Directors Message - 30 July 2019

I am writing this message from the United Kingdom (UK) where earlier this year MPs in the UK Parliament approved a motion to declare an environment and climate emergency. The motion called on the government to aim to achieve net-zero emissions before 2050, and for ministers to outline urgent proposals within the next six months, to restore the UK's natural environment and deliver a "zero waste economy". It is important to note however that both the Welsh and Scottish governments had already declared a climate emergency, along with dozens of British towns and cities, including Manchester and London.

Around the same time the United Nation’s Global Assessment Report revealed that a million species are at risk of extinction, natural ecosystems have lost about half their area and only 3% of the world’s oceans are free from human pressure – flagging the risks associated with biodiversity loss and their equivalence to climate change.

Hopefully something that can be addressed by the UK Government mandating that new developments must deliver an overall increase in biodiversity. The biodiversity net gain mandate requires developers to ensure that habitats for wildlife are enhanced and left in a measurably better state than they were pre-development. They must assess the type of habitat and its condition before submitting plans, and then demonstrate how they are improving biodiversity.

And more recently the Royal Institute of Bristish Architects’ (RIBA) trustees formally agreed to join the global declaration of an environment and climate emergency at the triannual meeting of RIBA Council members, the Institute also committed to developing the RIBA Ethics and Sustainable Development Commission’s action plan and a pledge to support the UK government’s 2050 net zero emissions target.  Australian architects have now joined the global movement to declare a climate emergency with thirty architects and practices becoming Australia’s founding signatories to acknowledge that “the twin crises of climate breakdown and biodiversity loss are the most serious issues of our time".

AILA CEO Tim Arnold has prepared a paper currently under consideration by AILA’s board, executives and relevant committees in relation to our Declaration of a Climate Emergency and we anticipate updating members shortly on our position.

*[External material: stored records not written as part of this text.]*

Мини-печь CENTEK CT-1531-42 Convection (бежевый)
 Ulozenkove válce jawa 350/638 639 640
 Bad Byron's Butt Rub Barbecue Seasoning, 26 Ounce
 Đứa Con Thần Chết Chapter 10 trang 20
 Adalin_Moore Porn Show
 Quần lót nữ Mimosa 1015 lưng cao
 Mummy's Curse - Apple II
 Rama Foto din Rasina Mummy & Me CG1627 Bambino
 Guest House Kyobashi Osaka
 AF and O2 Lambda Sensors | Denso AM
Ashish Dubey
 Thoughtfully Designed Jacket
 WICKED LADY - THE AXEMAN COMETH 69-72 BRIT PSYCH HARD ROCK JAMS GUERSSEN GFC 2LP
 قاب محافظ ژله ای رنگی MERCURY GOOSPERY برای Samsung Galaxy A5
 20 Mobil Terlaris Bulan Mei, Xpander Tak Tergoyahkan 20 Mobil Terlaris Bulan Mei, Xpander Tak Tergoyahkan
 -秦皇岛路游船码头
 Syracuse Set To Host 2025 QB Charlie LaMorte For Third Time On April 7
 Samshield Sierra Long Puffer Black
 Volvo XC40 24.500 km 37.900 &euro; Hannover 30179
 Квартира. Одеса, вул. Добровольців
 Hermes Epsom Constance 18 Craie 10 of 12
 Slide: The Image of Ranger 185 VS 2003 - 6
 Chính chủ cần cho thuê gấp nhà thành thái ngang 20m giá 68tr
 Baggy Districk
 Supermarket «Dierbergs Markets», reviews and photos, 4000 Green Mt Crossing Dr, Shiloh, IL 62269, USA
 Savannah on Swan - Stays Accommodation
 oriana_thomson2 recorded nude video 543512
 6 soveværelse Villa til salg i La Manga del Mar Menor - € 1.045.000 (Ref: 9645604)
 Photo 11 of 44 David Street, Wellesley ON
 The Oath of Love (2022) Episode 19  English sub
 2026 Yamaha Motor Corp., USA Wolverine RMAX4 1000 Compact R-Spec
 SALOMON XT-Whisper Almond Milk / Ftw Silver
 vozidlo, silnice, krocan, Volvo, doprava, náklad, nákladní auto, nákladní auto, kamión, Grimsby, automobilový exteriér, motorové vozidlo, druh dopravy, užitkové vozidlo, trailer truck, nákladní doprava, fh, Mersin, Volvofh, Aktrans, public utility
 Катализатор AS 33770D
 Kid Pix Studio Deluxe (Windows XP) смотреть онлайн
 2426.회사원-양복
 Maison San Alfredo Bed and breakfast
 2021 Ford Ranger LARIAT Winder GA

It is in this dynamic context and building on AILA’s advocacy work across all levels of government over the last few years, that we recently launched AILA’s Green Infrastructure Position Statement. We need members to actively engage through your various forms of practice: client side, government, private practice and academic to help address biodiversity loss and the effects of climate change by maximising opportunities to incorporate green infrastructure into our built environment and to advance research into green infrastructure. We are also calling on members to help us expand the case studies listed in the first version of the position statement and look forward to hearing from you.